We are to prove that $z\mapsto \exp(z)$ is a holomorphic function over $\mathbb{C}$.
Firstly I would like to prove that $\exp \in H(\mathbb{C})$.
I know that $f(z)=z$ is a holomorphic function (I've proven it using Cauchy-Riemann's equations).
It is obvious that $\forall_{n \in \mathbb{N}}$ $f_n(z) = \frac{z}{n}$ is holomorphic (is it?).
If the statement above stands it would be good to say that an infinite sum of holomorphic functions is holomorphic. I'm not sure it it's true however.
Secondly let's calculate $\frac{\mbox{d}}{\mbox{dz}}\exp(z)$.
Because we know that $z\mapsto \exp(z)$ is holomorphic (to my mind it basically means that I can calculate this derivative using methods from real analysis, am I correct?) and the series converges we can calculate it in the following form (using $(1)$):
$$\frac{\mbox{d}}{\mbox{dz}}\exp(z) =\frac{\mbox{d}}{\mbox{dz}} \sum \limits_{n=0}^{\infty} \frac{z^n}{n!} = \sum \limits_{n=0}^{\infty} \frac{\mbox{d}}{\mbox{dz}}\frac{z^n}{n!} = \sum \limits_{n=1}^{\infty} n \frac{z^{n-1}}{n!} = \sum \limits_{n=1}^{\infty} \frac{z^{n-1}}{(n-1)!} = \sum \limits_{n=0}^{\infty} \frac{z^{n}}{n!} = \exp(z)$$Is it calculated well?

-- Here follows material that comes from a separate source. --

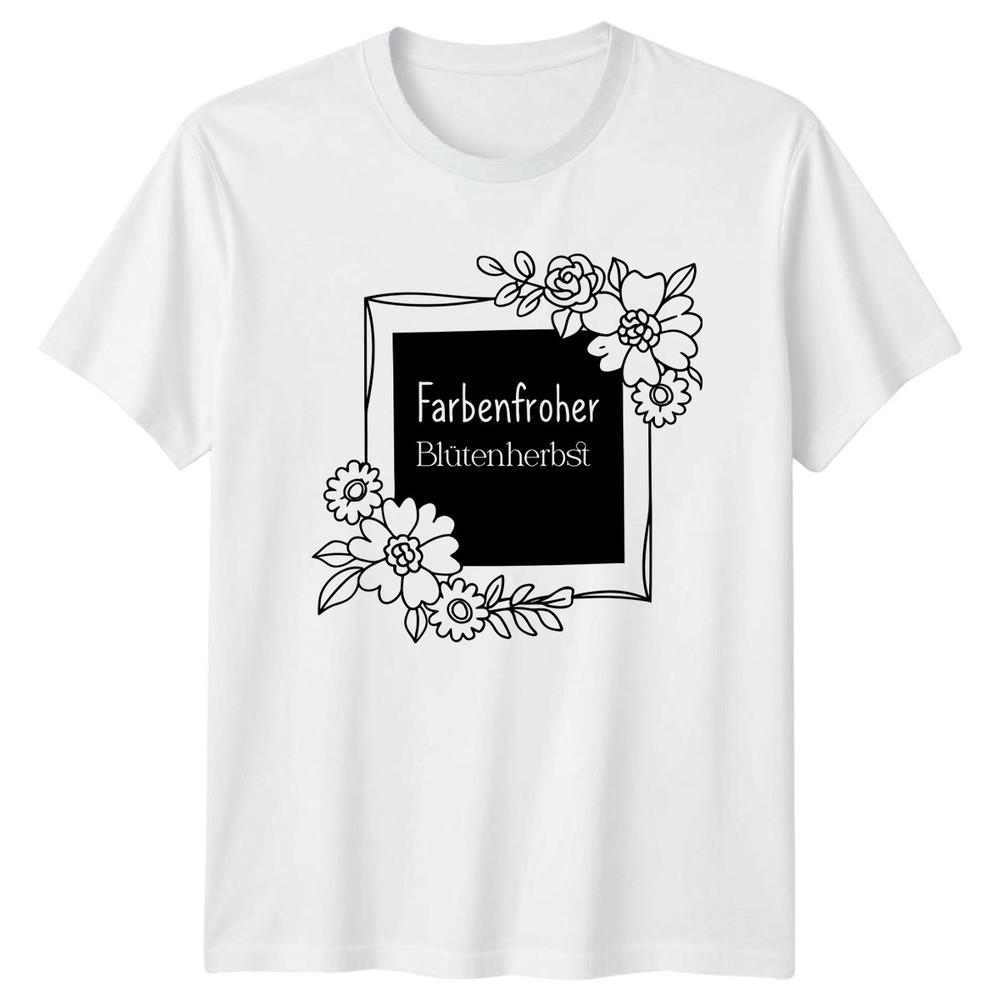 Farbenfroher Blutenherbst Unisexs TShirt Botanical Flowers Nature Gift For Her S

You must know that every analytic function (i.e. which can be written as the sum of a power series, like $\exp$) is holomorphic.
Moreover, if you recall the theorem saying that it's possible to exchange $\displaystyle \sum_{n=0}^{+\infty}$ and $\dfrac{d}{dz}$ in the case of power series, then your computation is correct.
In any case, be careful to check first the radius of convergence of the power series. Here, using ratio test:
$$\dfrac{\dfrac{z^{n+1}}{(n+1)!}}{\dfrac{z^{n}}{n!}} = \dfrac{z}{n+1}$$
goes to $0$ when $n$ go to $+\infty$, thus it's convergent on $\Bbb C$.